Public schools do not function in a vacuum. Education leaders from the Pre-K level through high school have known this for some time. They have made advancements in reaching beyond their buildings to form strategic partnerships with community, corporate and educational organizations. As a result, graduates are better equipped to earn a college degree and enter the current job market.
Perhaps no one has seen the benefit of such partnerships better than leading female thought leaders. Here are some of their observations on how networking and expanded educational opportunities can be a win-win for communities.

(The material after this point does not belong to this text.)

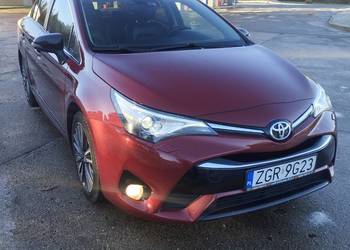 Toyota Avensis,Selection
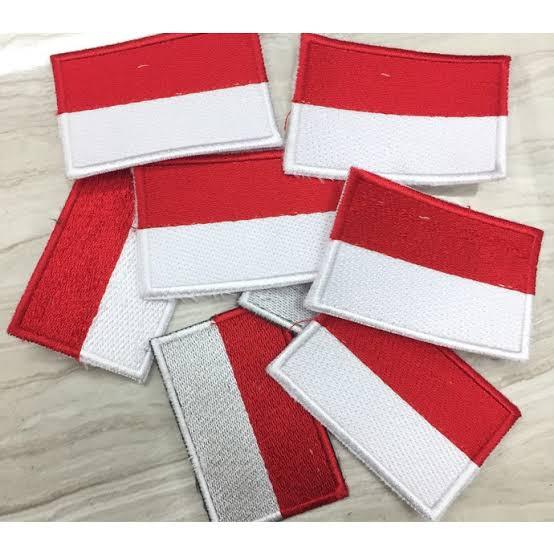 Bed Bendera Merah Putih Bordir Lazada Indonesia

Leading publications urge students to get into STEM (science, technology, engineering and math) education, but what does that look like for the classroom and community? Jodi Prosise, Ph.D., chair of the engineering department at Saint Ambrose University (SAU) in Davenport, Iowa, has been working for years to connect rural students in Iowa and Illinois with STEM careers. She speaks to classrooms about what a career in engineering looks like and how the skills apply across many real-world industries. Guided activities, including design and prototyping projects, summer camps and an engineering carnival, are a few of the successful ways she helps students see the possibilities and value of an engineering degree. As a result of her efforts, the enrollment in SAU engineering programs tripled.
Recreating College for Today's Student
In recent years, college-bound high school graduates have already earned more college-level credits than ever before. Therefore, many of them enter school at a junior level or higher. Martha D. Saunders, President of the University of West Florida, recognizes that dual credit has changed high school's educational environment and would like to see colleges adapt their models to accommodate the trend.
In addition to reviewing the core competencies required for college, President Saunders has placed a high priority on working with companies to create internship programs. This allows students to get a clearer vision of their future interests while learning important skills long before graduation.
Aiming High for Technological Readiness
Limiting tech learning to the classroom is not enough to prepare students for the careers of tomorrow. Shelli Brunswick, COO of the Space Foundation, sees a role for private companies focusing on tech and engineering to directly fund student opportunities through apprenticeship programs and scholarships to camps and workshops. She also sees teacher development as the future of better classroom experiences, including the prioritization of experiential, hands-on learning. Even with these changes, schools cannot do it alone. Brunswick hopes to see continued collaboration with "private enterprise, communities, government agencies, and subject matter experts to build a realistic and pragmatic training foundation to inspire and prepare students."
Are you a woman in education with a strong desire to create change in your school? There are many opportunities for connecting communities, companies and educational groups for the betterment of student outcomes. You could be in a strategic position to advocate for students and help form those partnerships needed to keep kids learning and growing in their classrooms and communities.